# Permutations or Combinations? 476

• Sep 20th 2008, 08:57 AM
fabxx
Permutations or Combinations? 476
Page 476
5 Different colored (black, red, blue, green, and yellow) cards are placed in a row so that the black card is never at either end, how many different arrangements are possible? I don't get why the correct answer is 72.

• Sep 20th 2008, 10:04 AM
Jhevon
Quote:

Originally Posted by fabxx
Page 476
5 Different colored (black, red, blue, green, and yellow) cards are placed in a row so that the black card is never at either end, how many different arrangements are possible? I don't get why the correct answer is 72.

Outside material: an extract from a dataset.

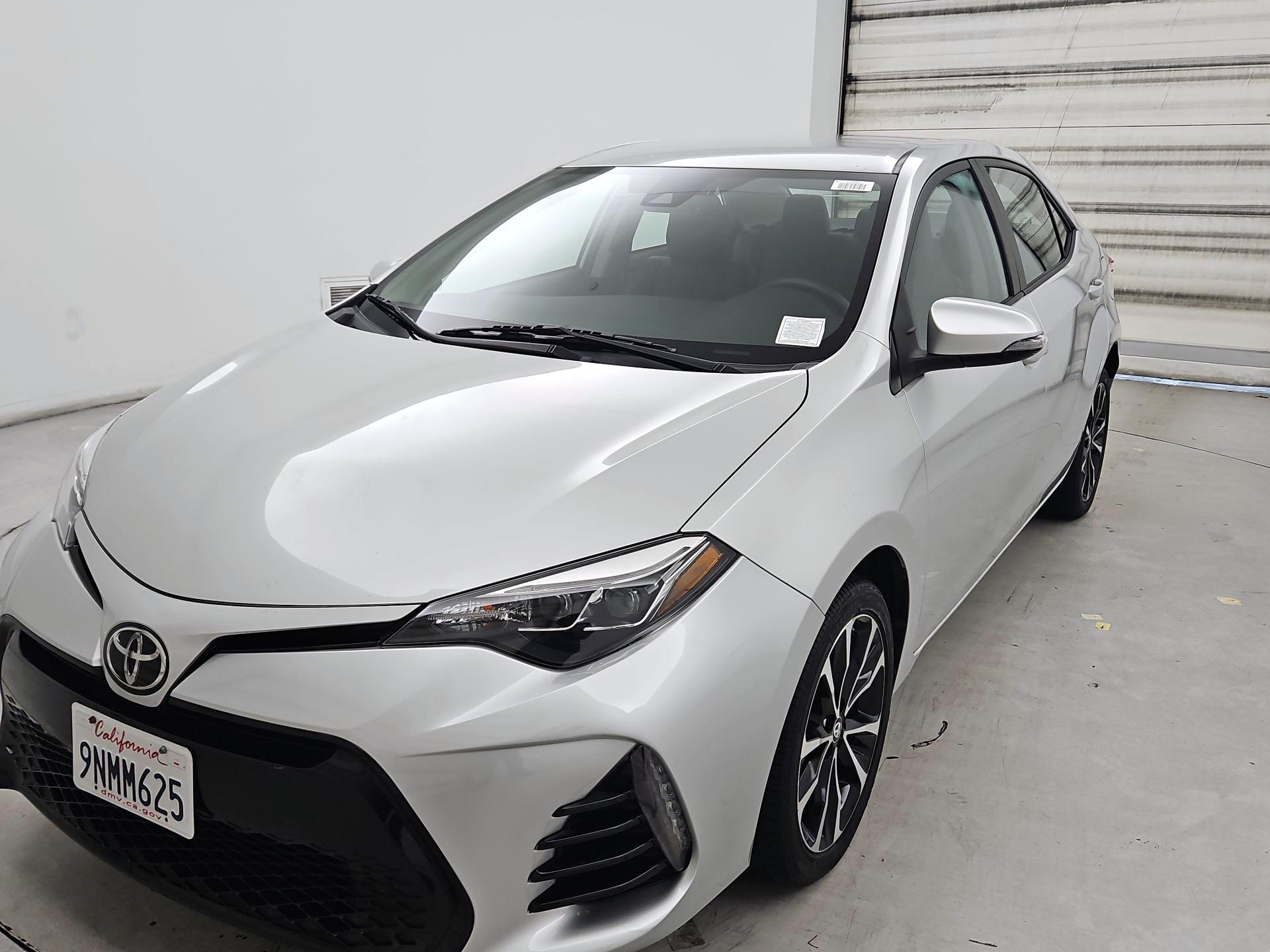 Thumbnail: 2017 Toyota Corolla - 3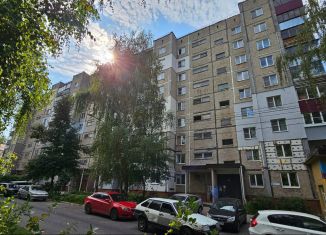 Продаю 3-комнатную квартиру, 60.1 м2, Курск, улица Димитрова, 75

the black card can be in one of 3 positions. 2nd, 3rd, or 4th. for each of those positions, the other 4 cards can be permuted among the other four positions.

hence, the number of arrangements is 3*4! = 72
• Sep 20th 2008, 10:06 AM
Kai
Hello Fabxx,

I believe there are other ways to do it, but i did like this...

First calculate total number of arrangements possible : 5!=120

Then calculate the number of arrangements for black to be first: 1*4!=24

And now the number of arrangements for black to be last : 4!*1=24

So Ur answer would be 120-(24+24)= 72